+++ DATA LISTING +++

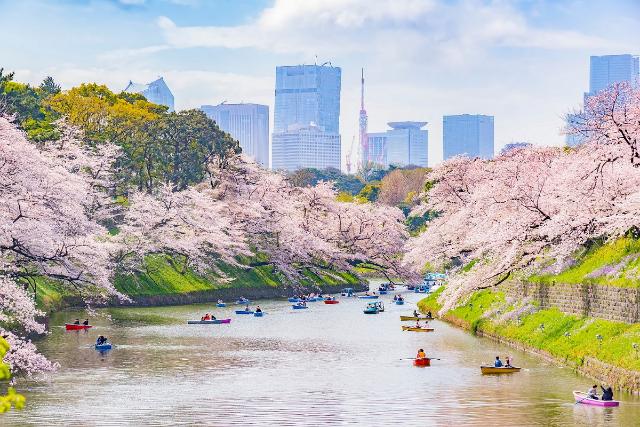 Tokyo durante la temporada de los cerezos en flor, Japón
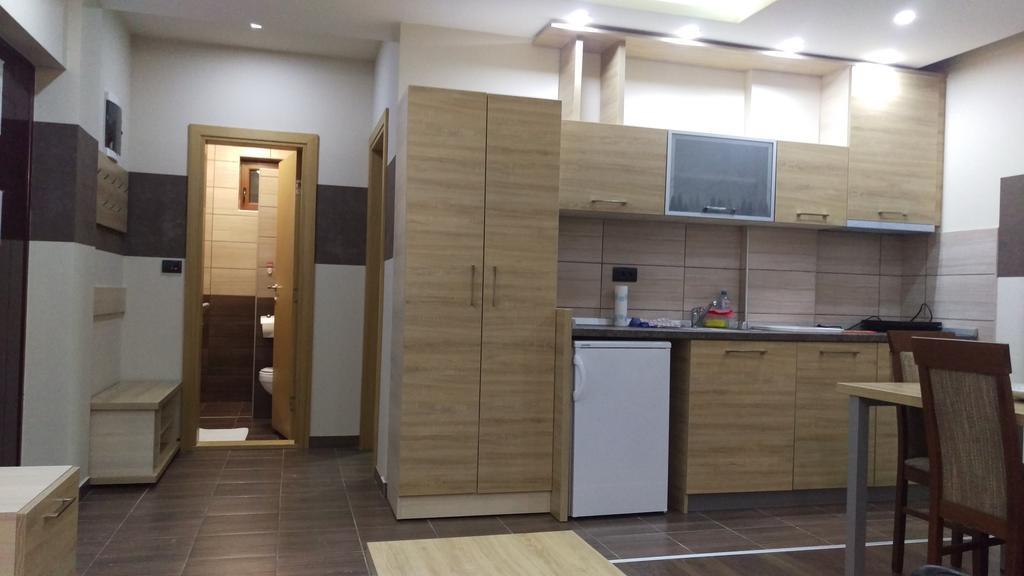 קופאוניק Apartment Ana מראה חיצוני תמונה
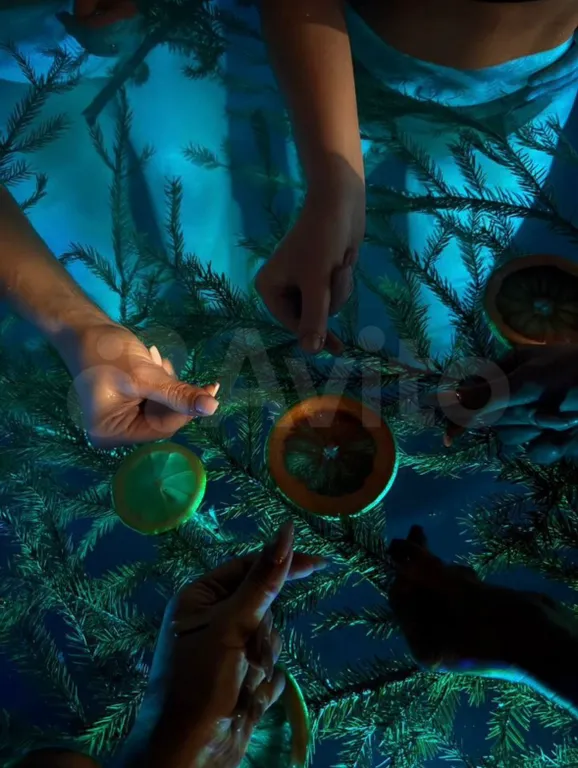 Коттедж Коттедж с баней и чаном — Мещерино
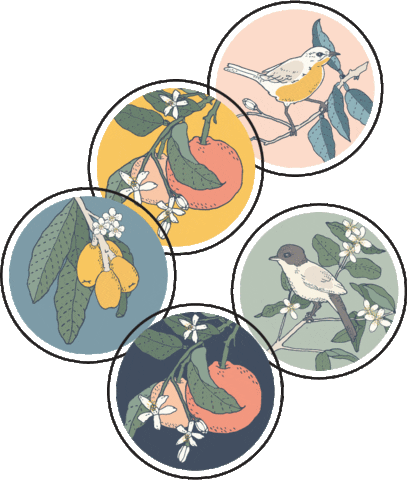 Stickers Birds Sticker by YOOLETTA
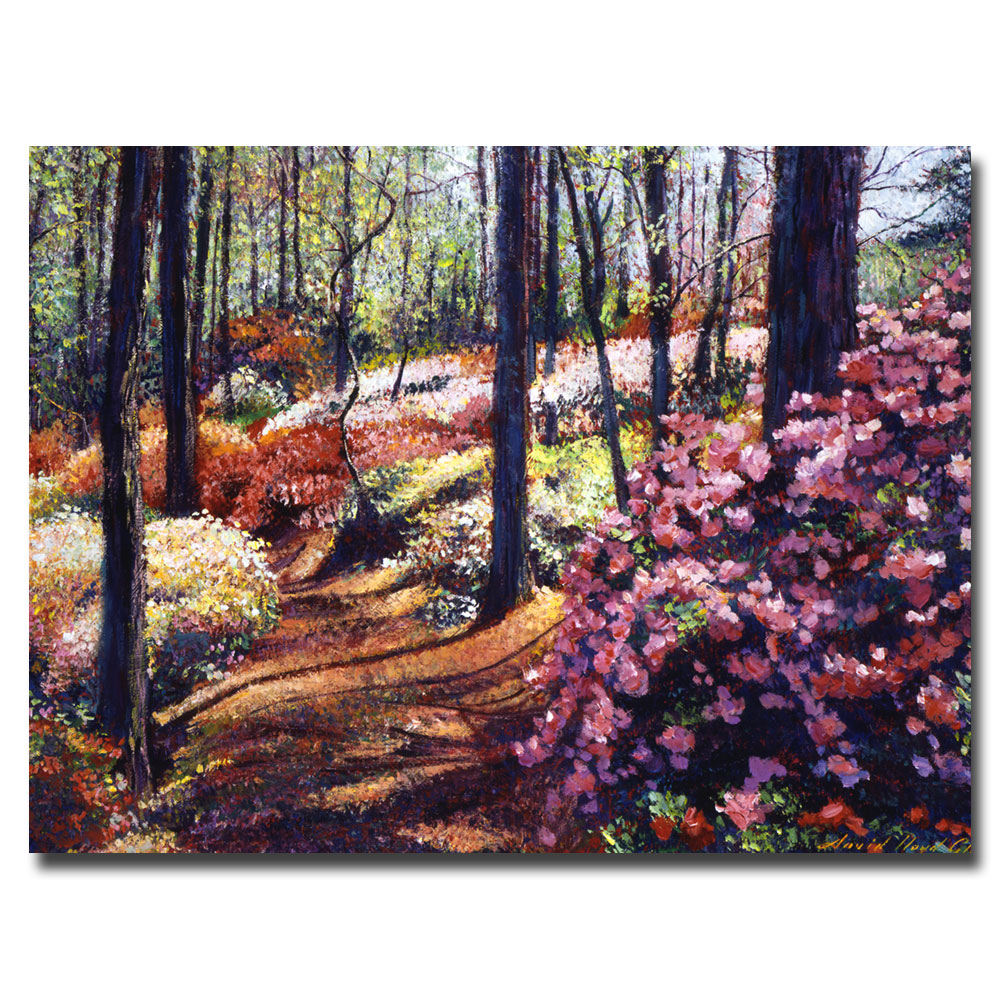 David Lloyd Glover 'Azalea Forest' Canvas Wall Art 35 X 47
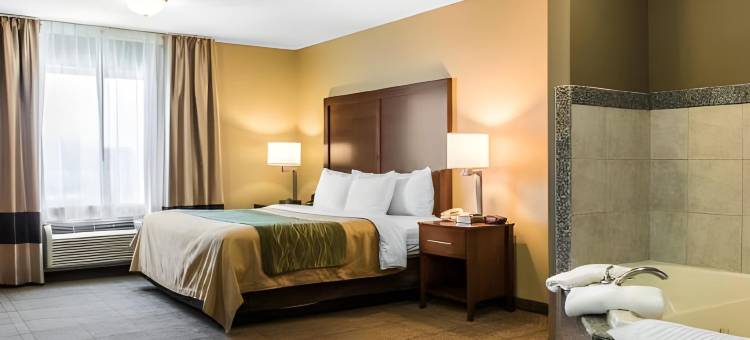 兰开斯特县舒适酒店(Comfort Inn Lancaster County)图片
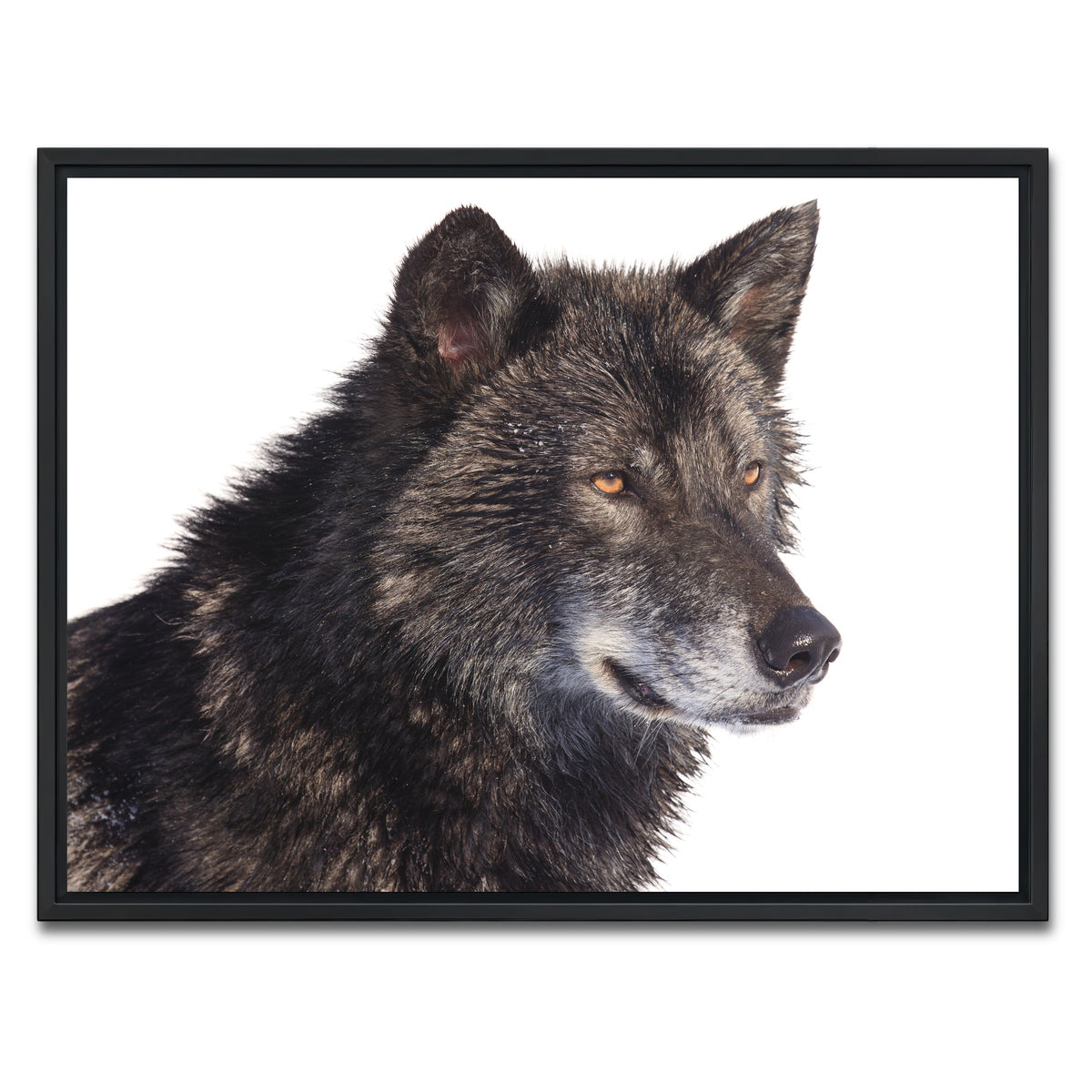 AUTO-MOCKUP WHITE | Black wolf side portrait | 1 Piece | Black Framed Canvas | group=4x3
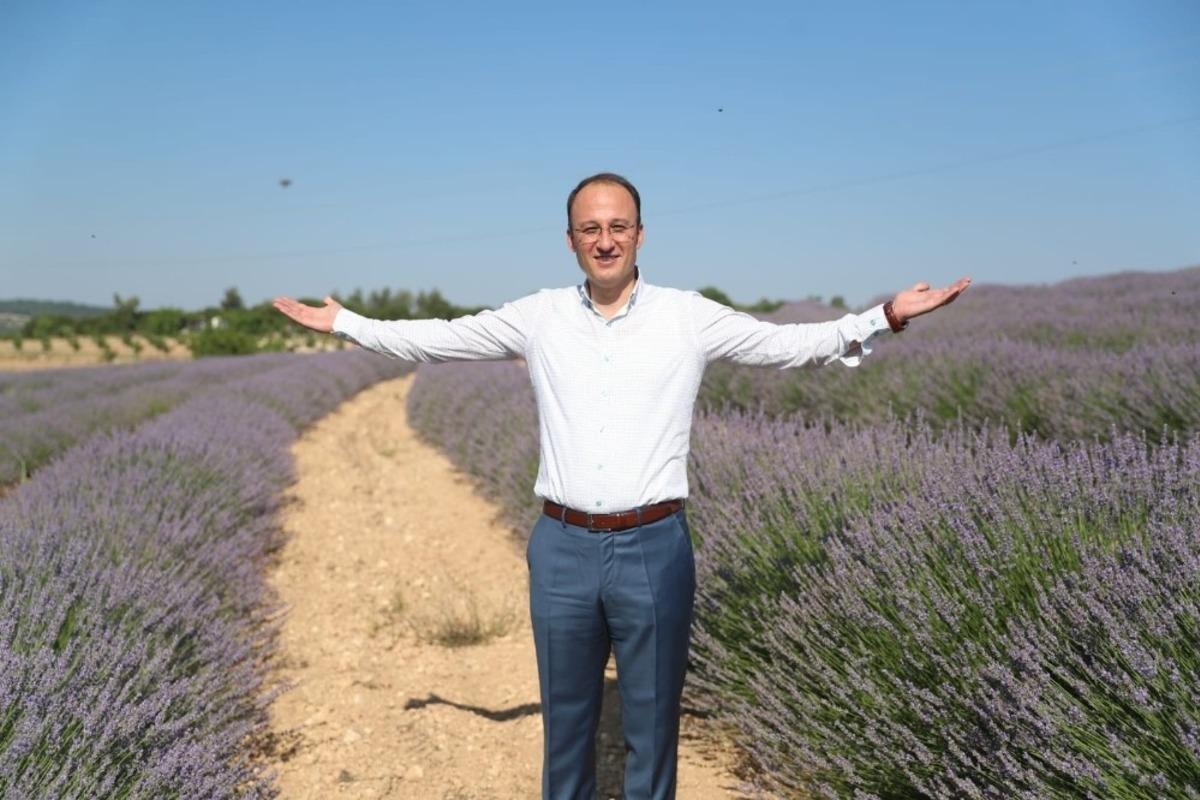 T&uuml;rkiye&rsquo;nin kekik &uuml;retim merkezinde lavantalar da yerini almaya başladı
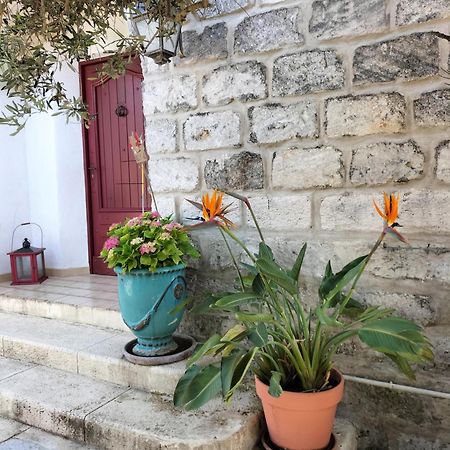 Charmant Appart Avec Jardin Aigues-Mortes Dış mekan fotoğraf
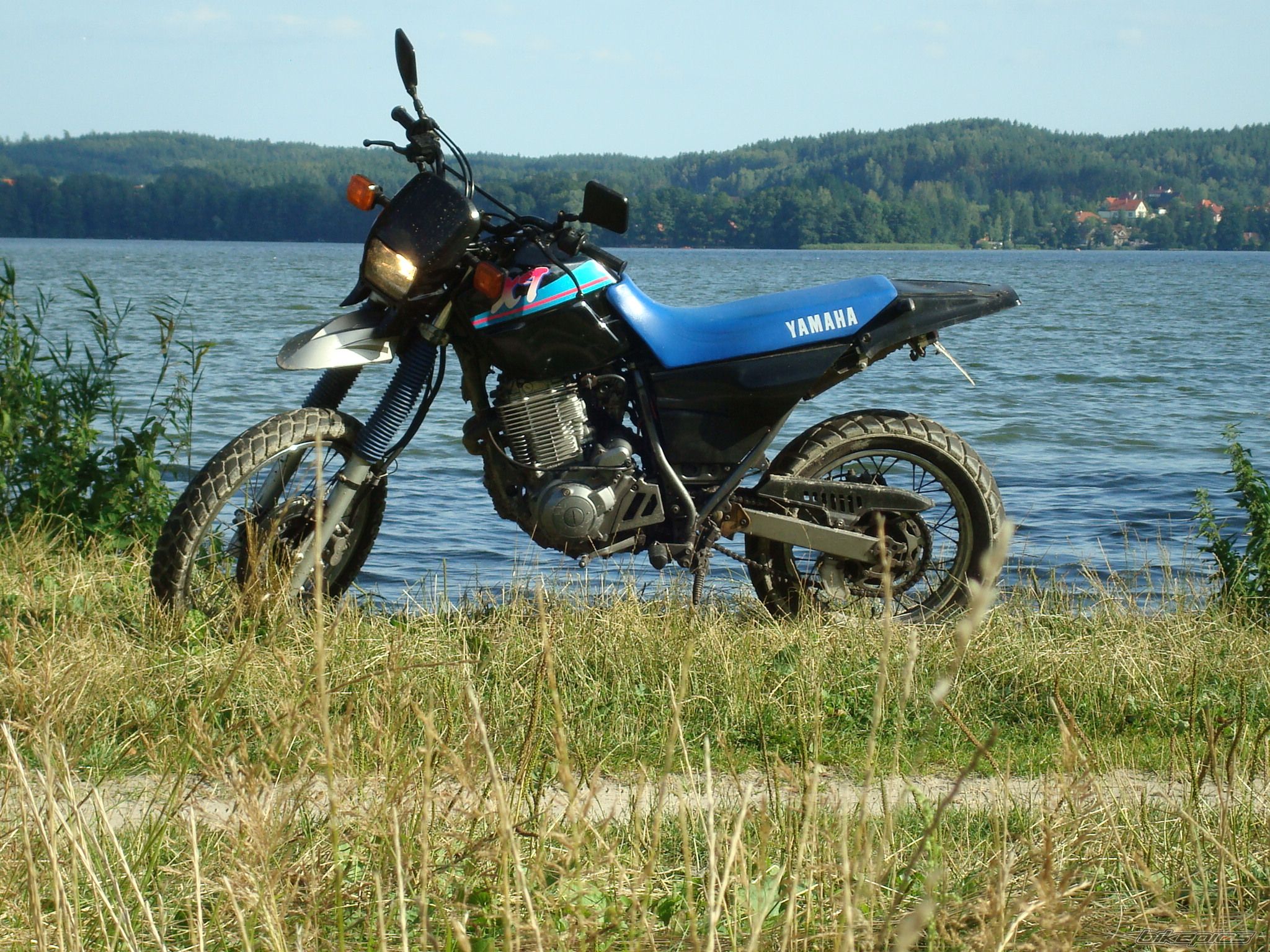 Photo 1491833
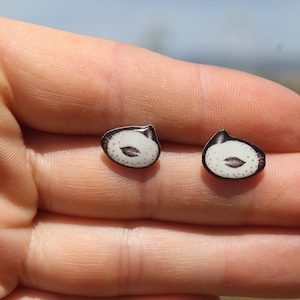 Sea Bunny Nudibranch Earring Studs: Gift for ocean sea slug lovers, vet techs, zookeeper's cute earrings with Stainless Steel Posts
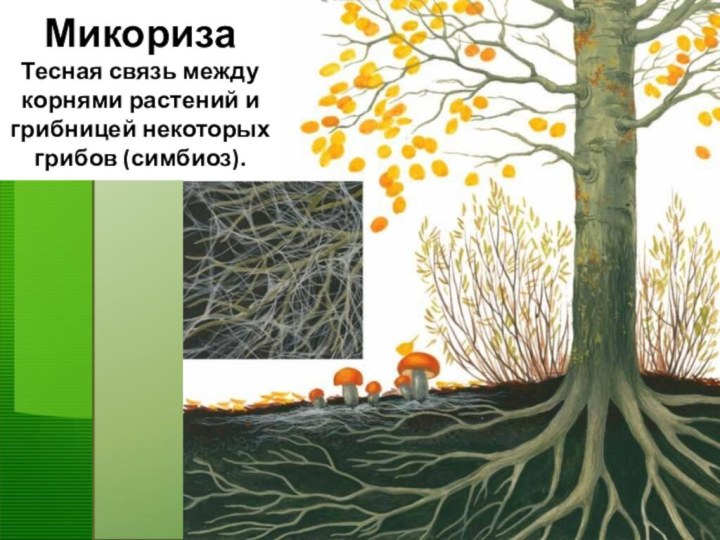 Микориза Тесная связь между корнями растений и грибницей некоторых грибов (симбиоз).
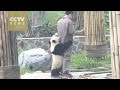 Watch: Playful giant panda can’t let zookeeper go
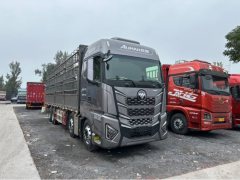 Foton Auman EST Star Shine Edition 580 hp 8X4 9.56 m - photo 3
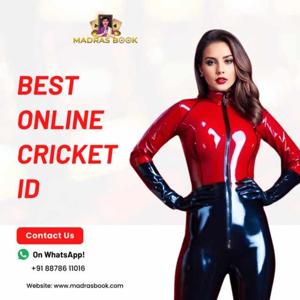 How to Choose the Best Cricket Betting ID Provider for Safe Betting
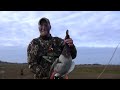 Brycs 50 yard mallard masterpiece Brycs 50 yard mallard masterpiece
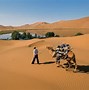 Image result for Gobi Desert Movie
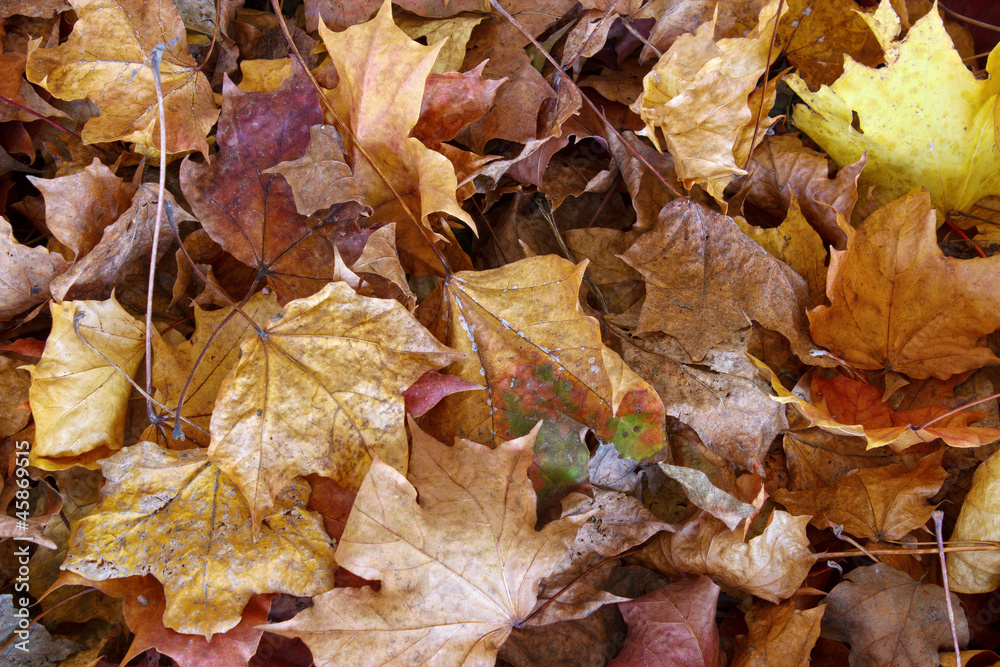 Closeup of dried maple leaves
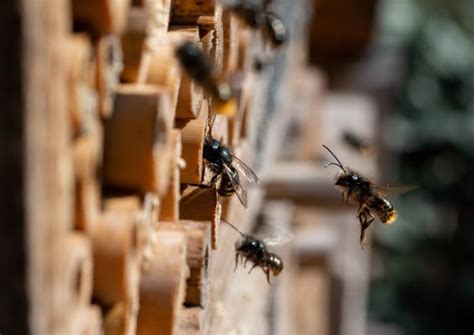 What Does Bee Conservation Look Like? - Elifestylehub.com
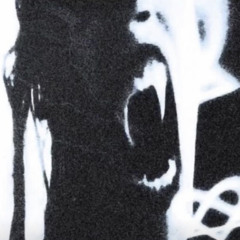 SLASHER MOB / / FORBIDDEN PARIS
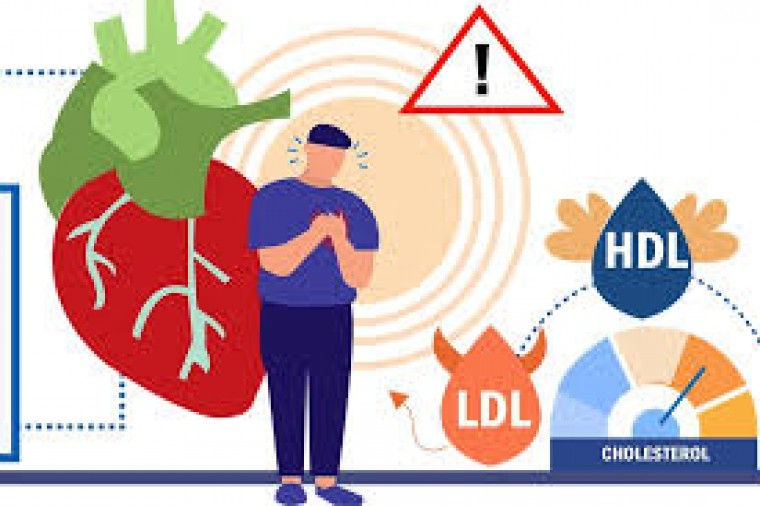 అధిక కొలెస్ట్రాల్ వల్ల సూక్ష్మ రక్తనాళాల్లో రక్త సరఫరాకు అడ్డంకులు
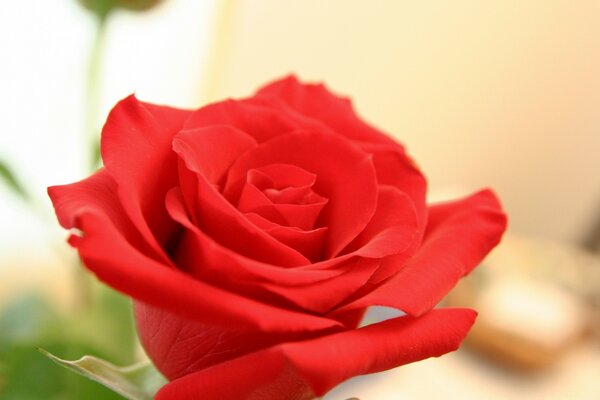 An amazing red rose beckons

+++

- _WHAT IS EXPECTED_
Would you transcribe, exactly and only, the lines from the one that contains "Микориза Тесная связь" through the last line of the data above, without any pictures?

- _ANSWER TO THE PROBLEM_
 Микориза Тесная связь между корнями растений и грибницей некоторых грибов (симбиоз).
 Watch: Playful giant panda can’t let zookeeper go
 Foton Auman EST Star Shine Edition 580 hp 8X4 9.56 m - photo 3
 How to Choose the Best Cricket Betting ID Provider for Safe Betting
 Brycs 50 yard mallard masterpiece Brycs 50 yard mallard masterpiece
 Image result for Gobi Desert Movie
 Closeup of dried maple leaves
 What Does Bee Conservation Look Like? - Elifestylehub.com
 SLASHER MOB / / FORBIDDEN PARIS
 అధిక కొలెస్ట్రాల్ వల్ల సూక్ష్మ రక్తనాళాల్లో రక్త సరఫరాకు అడ్డంకులు
 An amazing red rose beckons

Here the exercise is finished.